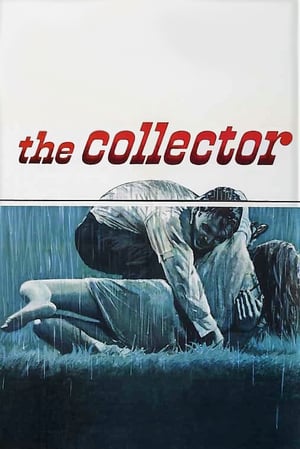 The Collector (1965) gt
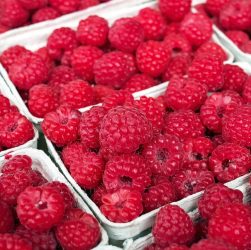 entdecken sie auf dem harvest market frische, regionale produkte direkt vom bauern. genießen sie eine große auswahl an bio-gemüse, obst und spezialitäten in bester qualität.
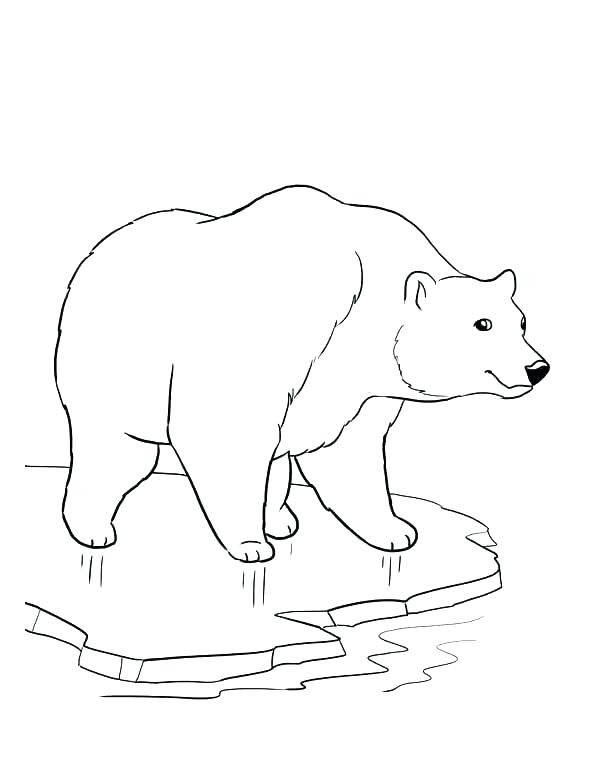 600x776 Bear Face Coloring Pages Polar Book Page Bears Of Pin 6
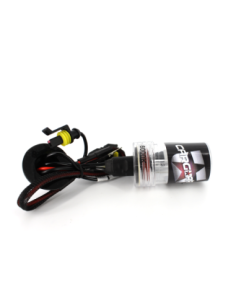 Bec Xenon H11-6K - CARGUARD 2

########

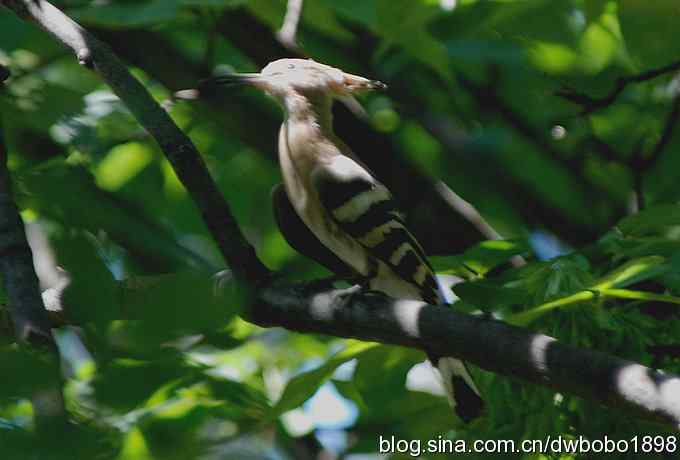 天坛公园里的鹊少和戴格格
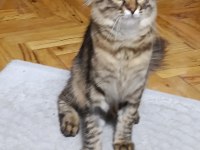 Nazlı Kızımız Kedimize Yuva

########

■ WORK ORDER: Going back to the data above, write out everything from the line with "600x776 Bear Face" down to the line with "Bec Xenon H11-6K - CARGUARD 2", both included, leaving every picture out.

■ RESPONSE TO THE TASK:
 600x776 Bear Face Coloring Pages Polar Book Page Bears Of Pin 6
 Bec Xenon H11-6K - CARGUARD 2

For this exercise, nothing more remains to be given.